Why I Write
I write to know I’m alive
I write to know I live. To affix certainty to that concept, by way of color, light, or detail.
When I write, I’m forced to visit the blood and guts of a situation. The core, the meat. The uncomfortable bits. The annoying bits. The pain.
The beauty as well.
I notice that when I stop writing, I begin slipping away from my self and my life. The days begin to pile up like lint in the dryer screen. One scrum layered over the next, in varied shades of gray.
Sometimes months go by like this.
I don’t know what’s happening during that time. I can’t remember on Mondays what I did over the weekend. I have a vague sense of loss. If it’s shortly after I’ve stopped writing again, the loss is sharp. With each passing week, however, the blow is lesser, until I’m more or less drifting about in a fog.
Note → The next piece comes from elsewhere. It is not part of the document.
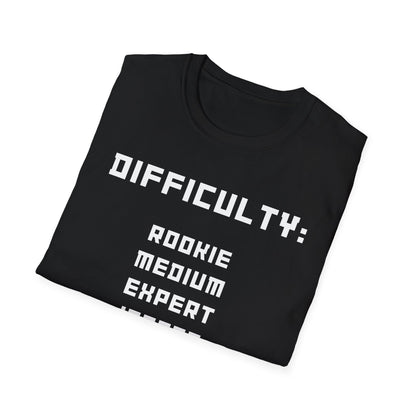 Difficulty My Life T-Shirt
I’m not sure anyone else notices this.
I go through the motions of my life. I show up. For my daughter, for my friends, for my unwell ex, for my son. For my job. For my house, for my dog. I grocery-shop, cook the dinner, water the plants, and pay the bills.
Life gallops along faster and faster.
When I rouse myself and remember myself, I put pen to paper or fingers to keyboard and begin to birth myself anew. When I write, I am forced to reflect, to remember, to try to make sense of my life. Usually, that’s the afternoon, or the morning’s events, something that managed to wiggle through the fuzzy blanket around me. Something arrests me, something catches my attention.
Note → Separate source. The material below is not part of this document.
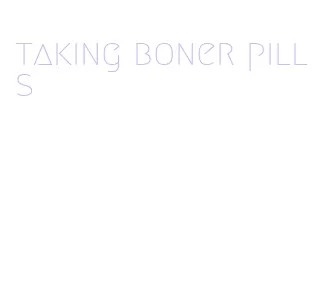 taking boner pills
When I’m writing regularly, daily, that is, I am more awake and alive. I notice the funniest little things. The tufts of fur springing from between the toes of the little black dog traipsing by. The 80s grunge rock playing in the bakery. The graffiti everywhere, the yellow leaves hanging like stars in the liquid amber trees on this November day.
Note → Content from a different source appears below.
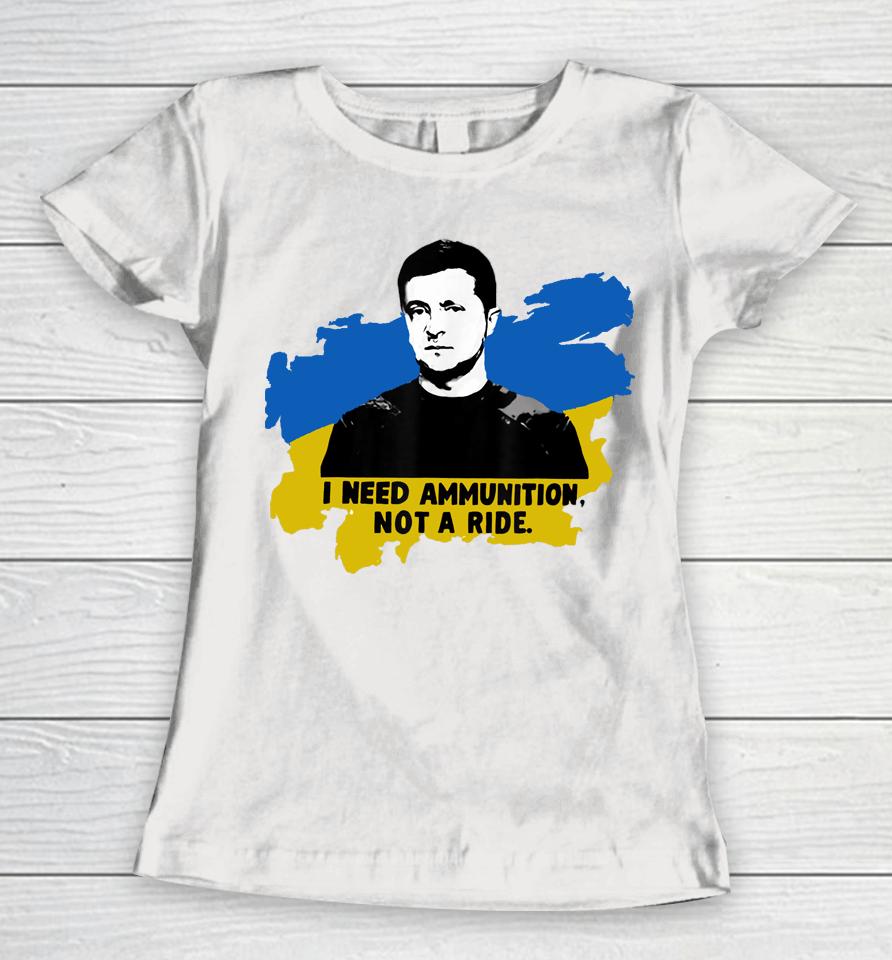 I Need Ammunition Not A Ride Zelensky Ukraine Ukrainian Flag Women T-Shirt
The way B.’s eyes widen in fear when the court-ordered psychologist takes him away for testing, in preparation for his disability court date in December.
I write to affix myself to the page and to my own life. It’s the only way I know to wake up.
And when I’m awake, I’m so much happier. I feel appreciative. Moments of grace and gratitude are more frequent.
Most important, however, is the way writing forces meaning, pattern, and connection into my life. When I’m writing regularly, my life begins to take on a form. Themes emerge. Memories emerge. Seemingly disjointed bits coalesce.
What seemed all for naught begins to seem important, worthy. Worthy of attention and examination, in the same way all minutiae is. A world in a grain of sand, indeed.
It’s true. When I telescope my life out from the details, it’s easy to see how the littlest thing is a key cog in the machinery of life. How everything fits together to form a whole. Colorful, conflicted, imperfect, perhaps, but a whole nonetheless.
What have I learned about myself through writing? I’ve learned that I’m sensitive to details. That almost anything can move me, can get through, can signify something important, something universal, if I’m receptive.
Being receptive in that way only occurs through writing. I know no other way to find it.
I write to live. When I don’t write, I am a kind of dead. I am unconscious. Going through the motions. It’s quite dramatic. It’s scary and depressing. It triggers depression. The longer I go without writing, the more buried I become.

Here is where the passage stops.